Some main points:
- These Smart Meters and digital meters have a switched mode power supply inside that creates harmonics, also known as transients.
- The transients travel on the wiring throughout the home.
- Transients are seen by the current sensors and voltage sensors in the meter and are counted as consumed electricity.
- Other electric appliances have “EMC” filters in them to filter out transients. Smart Meter manufacturers did not put “EMC” filters in Smart Meters or digital meters.
- No agency mandated “EMC” filters in Smart Meters or digital meters.
- Transients on the wiring equate to higher bills. Bill Bathgate has seen 16-40 volts peak-to-peak of transients.
- ANSI, which creates standards and tests meters, is a private industry-funded organization. It is not a federal standards agency.
- ANSI allows meter manufacturers to remove the electronics from digital meters before they are tested for compliance, including testing their ability to handle surges.
- ANSI’s definition of accuracy is very, very different, and ANSI does not address the precision of Smart Meters to consistently and repeatedly give the right reading.
- Analog meters are transparent; a customer can verify their bill by looking at the meter.
- Smart Meters and digital meters’ calculations and algorithms are known only to the utility company and cannot be verified by the customer. Contrary to utility company and Smart Meter manufacturer claims, the customer is NOT in control of their bill. Example of one customer who complained, and his bill dropped for no reason.

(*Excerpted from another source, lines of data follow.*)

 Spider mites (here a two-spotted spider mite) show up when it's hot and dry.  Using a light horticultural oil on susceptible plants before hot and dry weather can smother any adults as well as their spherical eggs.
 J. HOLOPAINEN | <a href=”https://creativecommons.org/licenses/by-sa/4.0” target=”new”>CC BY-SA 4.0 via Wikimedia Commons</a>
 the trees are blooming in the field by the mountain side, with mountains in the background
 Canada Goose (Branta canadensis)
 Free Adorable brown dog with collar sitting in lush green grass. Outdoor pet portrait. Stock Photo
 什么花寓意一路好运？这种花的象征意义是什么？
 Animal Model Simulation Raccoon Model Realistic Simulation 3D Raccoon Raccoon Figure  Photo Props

From Michigan Stop Smart Meters
Electrical engineer Bill Bathgate testifies before Michigan House Energy Committee on 2/13/18. Committee is responding to hundreds of complaints about inflated energy bills. Bathgate testifies that he has run tests that show that both the smart electric meter and the smart meter with radio turned off are wildly innacurate but the traditional analog meter is accurate and gives repeatable results.